== EXERCISE DATA ==
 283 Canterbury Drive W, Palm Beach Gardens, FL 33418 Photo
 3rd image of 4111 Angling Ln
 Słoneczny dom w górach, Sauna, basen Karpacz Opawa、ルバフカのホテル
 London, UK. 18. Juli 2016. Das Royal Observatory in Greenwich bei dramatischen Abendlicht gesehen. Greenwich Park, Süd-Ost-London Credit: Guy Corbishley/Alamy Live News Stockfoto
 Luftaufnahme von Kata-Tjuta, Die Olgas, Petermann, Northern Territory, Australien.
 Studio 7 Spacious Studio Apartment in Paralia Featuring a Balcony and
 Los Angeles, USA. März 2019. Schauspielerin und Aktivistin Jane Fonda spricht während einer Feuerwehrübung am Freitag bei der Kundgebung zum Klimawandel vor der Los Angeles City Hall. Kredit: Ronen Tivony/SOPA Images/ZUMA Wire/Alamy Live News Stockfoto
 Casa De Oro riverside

--

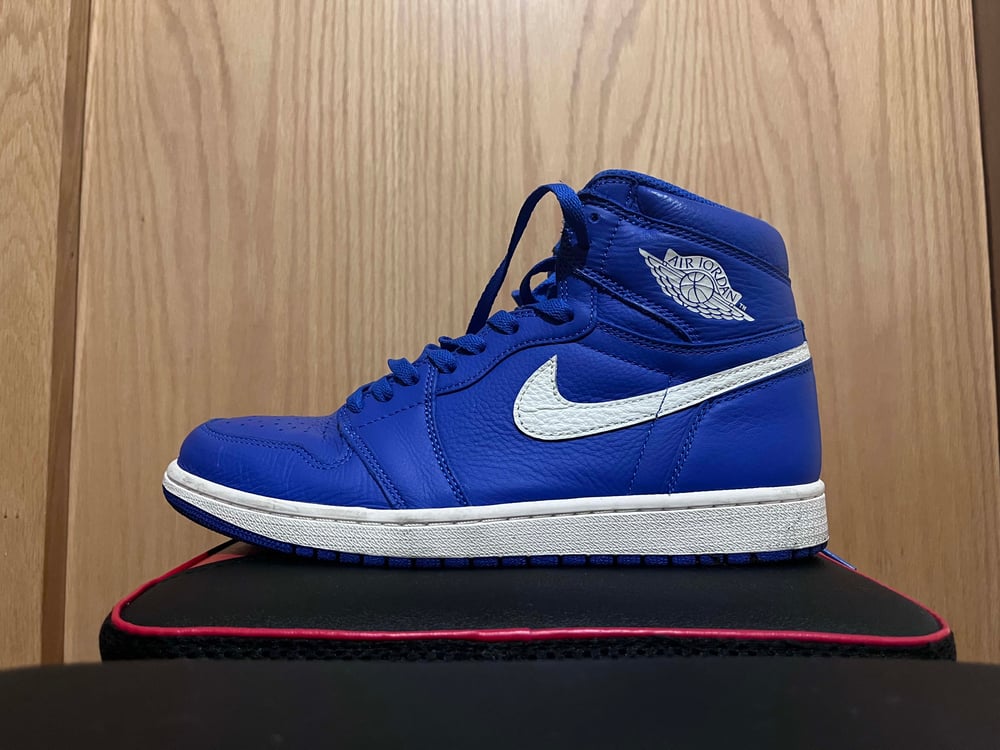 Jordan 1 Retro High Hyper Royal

---

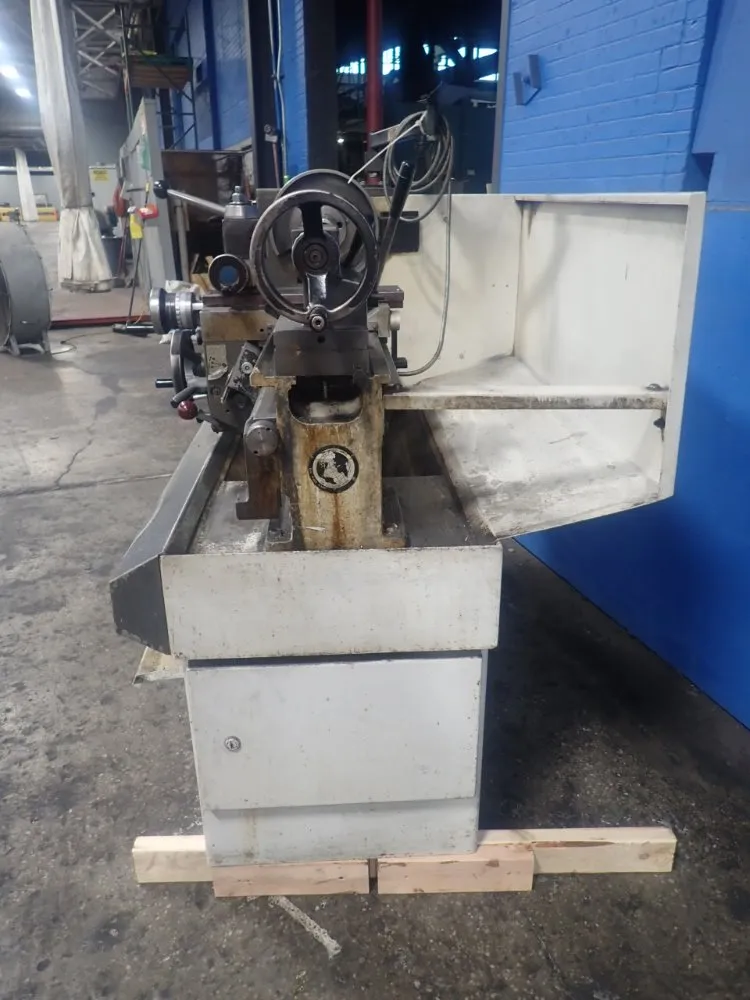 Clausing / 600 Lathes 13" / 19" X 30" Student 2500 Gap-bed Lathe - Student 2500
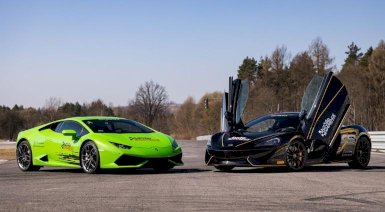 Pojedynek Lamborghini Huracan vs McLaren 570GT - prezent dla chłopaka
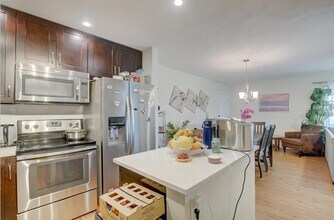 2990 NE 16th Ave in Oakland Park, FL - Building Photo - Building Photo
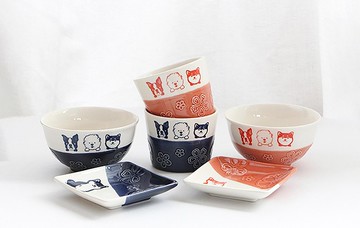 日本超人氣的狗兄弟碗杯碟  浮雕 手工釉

== WHAT YOU WILL DO ==
What is needed is an exact copy of the lines above, from the one containing "Słoneczny dom w" through the one containing "Casa De Oro riverside", with nothing added.

== EXERCISE ANSWER ==
 Słoneczny dom w górach, Sauna, basen Karpacz Opawa、ルバフカのホテル
 London, UK. 18. Juli 2016. Das Royal Observatory in Greenwich bei dramatischen Abendlicht gesehen. Greenwich Park, Süd-Ost-London Credit: Guy Corbishley/Alamy Live News Stockfoto
 Luftaufnahme von Kata-Tjuta, Die Olgas, Petermann, Northern Territory, Australien.
 Studio 7 Spacious Studio Apartment in Paralia Featuring a Balcony and
 Los Angeles, USA. März 2019. Schauspielerin und Aktivistin Jane Fonda spricht während einer Feuerwehrübung am Freitag bei der Kundgebung zum Klimawandel vor der Los Angeles City Hall. Kredit: Ronen Tivony/SOPA Images/ZUMA Wire/Alamy Live News Stockfoto
 Casa De Oro riverside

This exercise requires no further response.